In order to obtain a better comprehension of their effects on L2 proficiency development, we conducted a meta-analysis on all the experimental studies measuring an impact of such systems on language learning outcomes (40 publications). Effect sizes for each variable and group under observation were systematically computed from the available data ($k = 96$). While most individual studies do not achieve significance in their results, often due to limitations in sample sizes and insufficiently sensitive outcome measurements, by combining all studies into a multilevel linear model, we observed a significant medium effect of dialogue-based CALL on general L2 proficiency development ($d = .602$).
By integrating moderator variables into our statistical model, we are able to provide insights on the relative effectiveness of certain design characteristics (spoken vs. written interface, task-oriented vs. open-ended interaction, form-focused vs. meaning-focused design) on different learning outcomes (holistic writing/speaking proficiency, as well as specific complexity, accuracy and fluency measures…), and to model the effect of treatment duration and spacing on these outcomes, to better inform future system and research design. In comparison with Bibauw et al (2017), we updated our pool of studies, clarified our exclusion process, refined the effect sizes calculation methodology and the multilevel modelling, and have computed a new mixed-effects model to take into account variables of treatment duration and spacing effects.
In the methodological steps required to conduct a meta-analysis, the openness of data (information) has a particularly striking impact: the meta-analysis is only possible if enough data is actually available, but the quality, clarity and standardization of the data is also directly responsible of the quality of insights the meta-analysis can provide.

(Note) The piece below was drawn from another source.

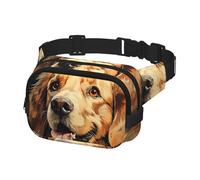 Fanny Pack Belt Bag for Men Women Golden Retriever Adjustable Waist Packs Bag Crossbody Bags for Travel, Black, One Size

Beyond the obvious research data (experimental results, such as central tendency and variance measures) needed to compute effect sizes, and the already well commented need for their standardized reporting (Larson-Hall & Plonsky, 2015), there are also issues in the reporting of learners’ and pedagogical (meta)data, in particular in the nature and characteristics of treatments, whose precise features are rarely described in full, and even less in comparable terms.
Additionally, in the context of the need for more open data, we will release the complete dataset of studies used in this meta-analysis (as well as the source code of its statistical processing) on an Open Science Foundation repository, with provided guidelines for collaborative updating of this bibliographical database of dialogue-based CALL.